RECORD EXTRACTS Block Start

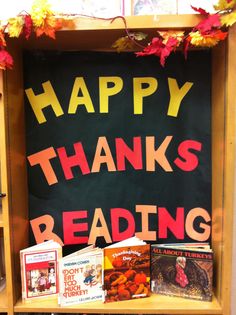 there is a sign that says happy thanks reading with books on the shelf in front of it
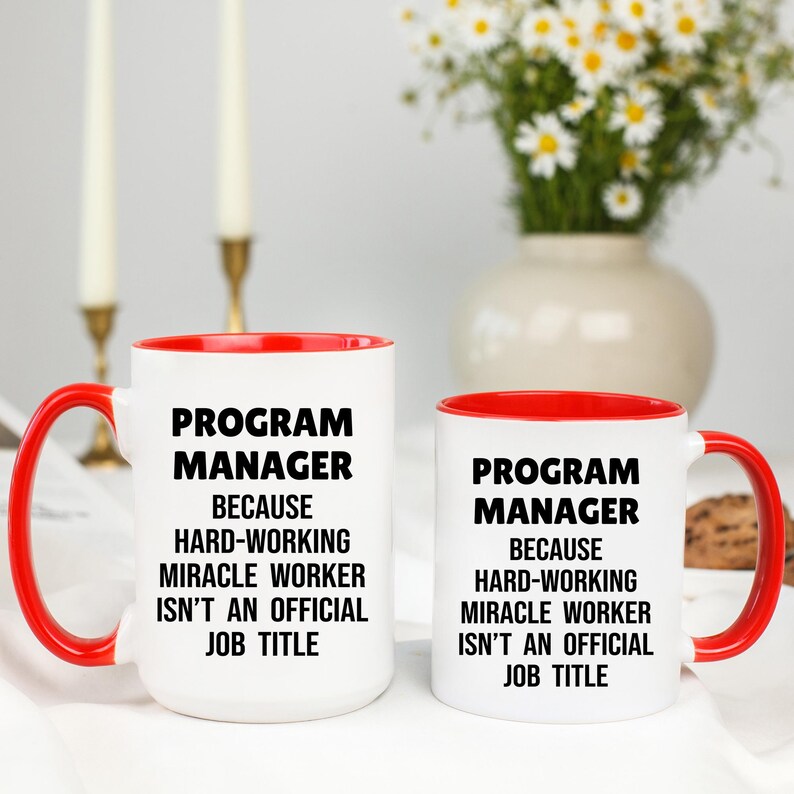 May include: Two white ceramic mugs with red interiors and handles. The mugs have the text "PROGRAM MANAGER BECAUSE HARD-WORKING MIRACLE WORKER ISN'T AN OFFICIAL JOB TITLE" in black. A vase of flowers is in the background.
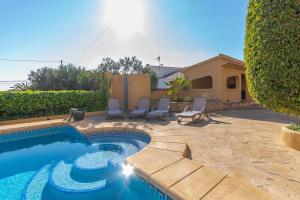 a swimming pool in a yard with chairs and a house at Villa Mandarina - Costa CarpeDiem in Calpe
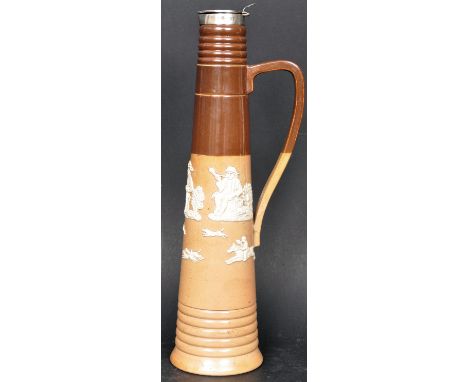 A 19th century Victorian Doulton Lambeth ewer jug of tapering form having applied ceramic decoration in relief and hallmarked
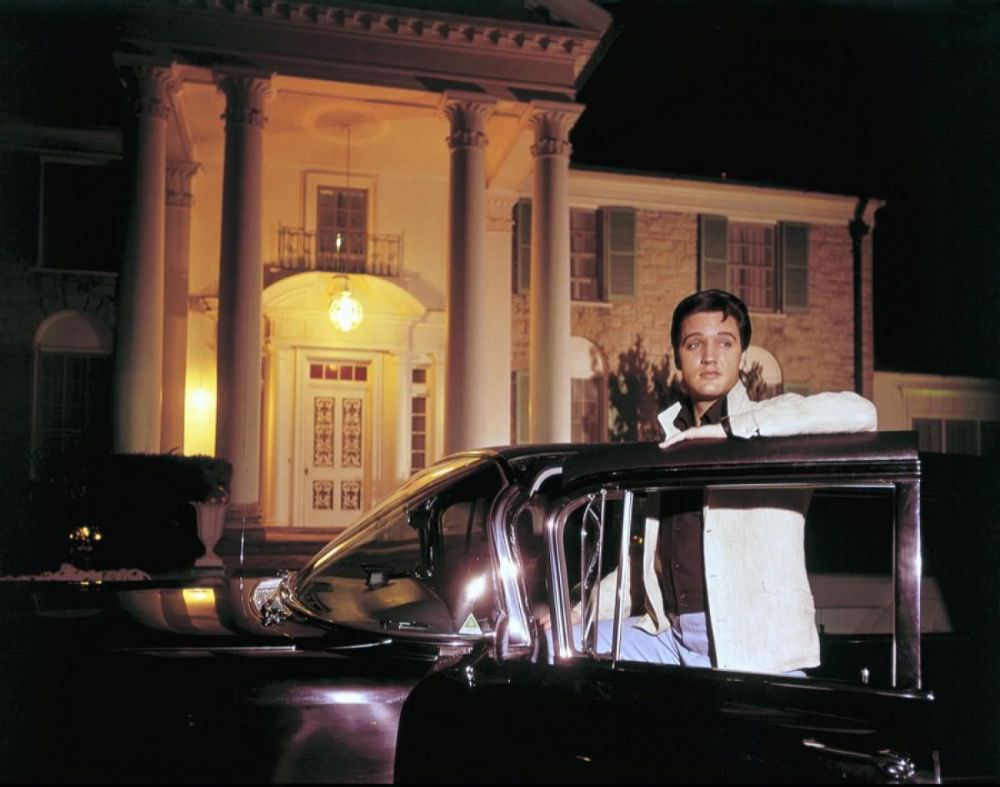 #17 Elvis poses with one of his cars outside of Graceland, his mansion in Memphis, Tenn.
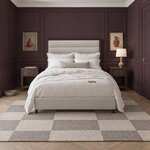 Front room view of a modern upholstered bed with a horizontally channeled headboard, in a plum-paneled bedroom.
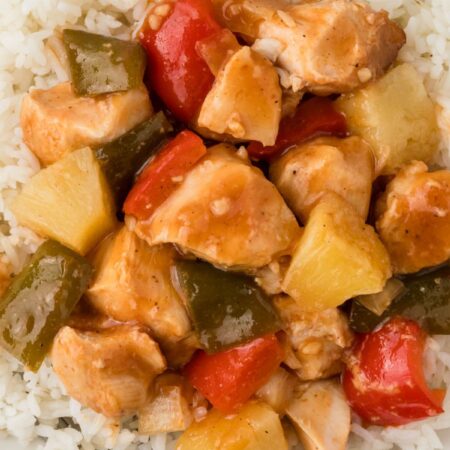 A serving of the Hawaiian chicken with rice on a white plate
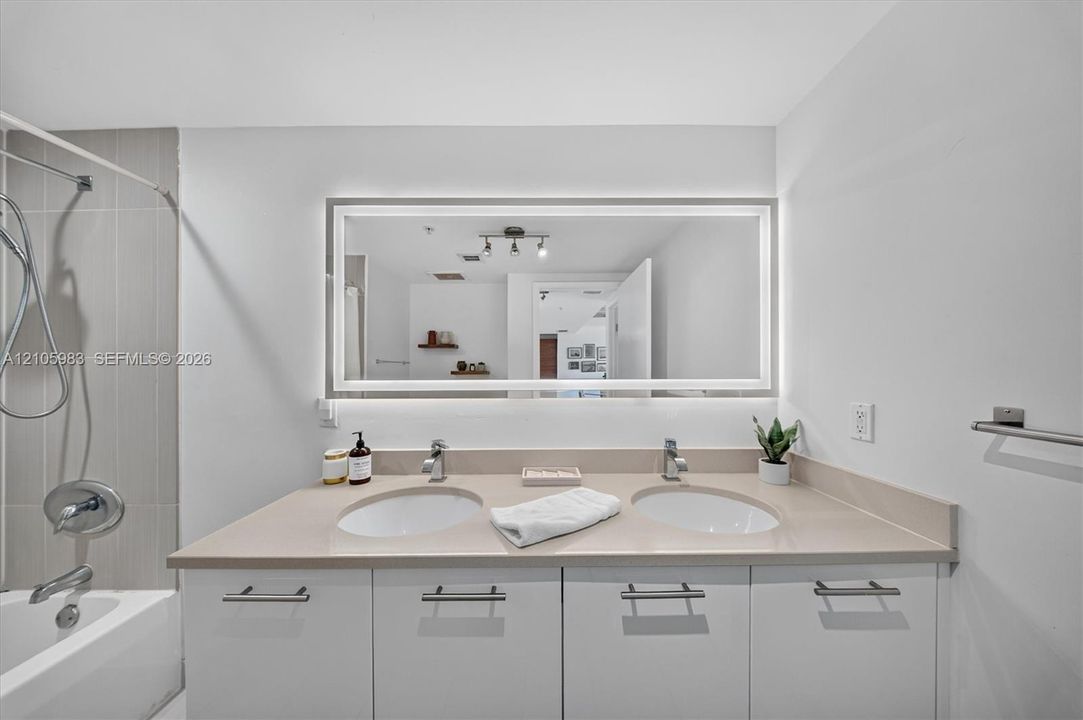 Dual-sink vanity with a solid-surface countertop, white cabinetry with horizontal hardware, backlit rectangular mirror, and a tile-surround shower and tub combination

RECORD EXTRACTS Block End

[PROBLEM STATEMENT] Your copy should match the records above word for word, but without images.

[EXERCISE RESPONSE]
 there is a sign that says happy thanks reading with books on the shelf in front of it
 May include: Two white ceramic mugs with red interiors and handles. The mugs have the text "PROGRAM MANAGER BECAUSE HARD-WORKING MIRACLE WORKER ISN'T AN OFFICIAL JOB TITLE" in black. A vase of flowers is in the background.
 a swimming pool in a yard with chairs and a house at Villa Mandarina - Costa CarpeDiem in Calpe
 A 19th century Victorian Doulton Lambeth ewer jug of tapering form having applied ceramic decoration in relief and hallmarked
 #17 Elvis poses with one of his cars outside of Graceland, his mansion in Memphis, Tenn.
 Front room view of a modern upholstered bed with a horizontally channeled headboard, in a plum-paneled bedroom.
 A serving of the Hawaiian chicken with rice on a white plate
 Dual-sink vanity with a solid-surface countertop, white cabinetry with horizontal hardware, backlit rectangular mirror, and a tile-surround shower and tub combination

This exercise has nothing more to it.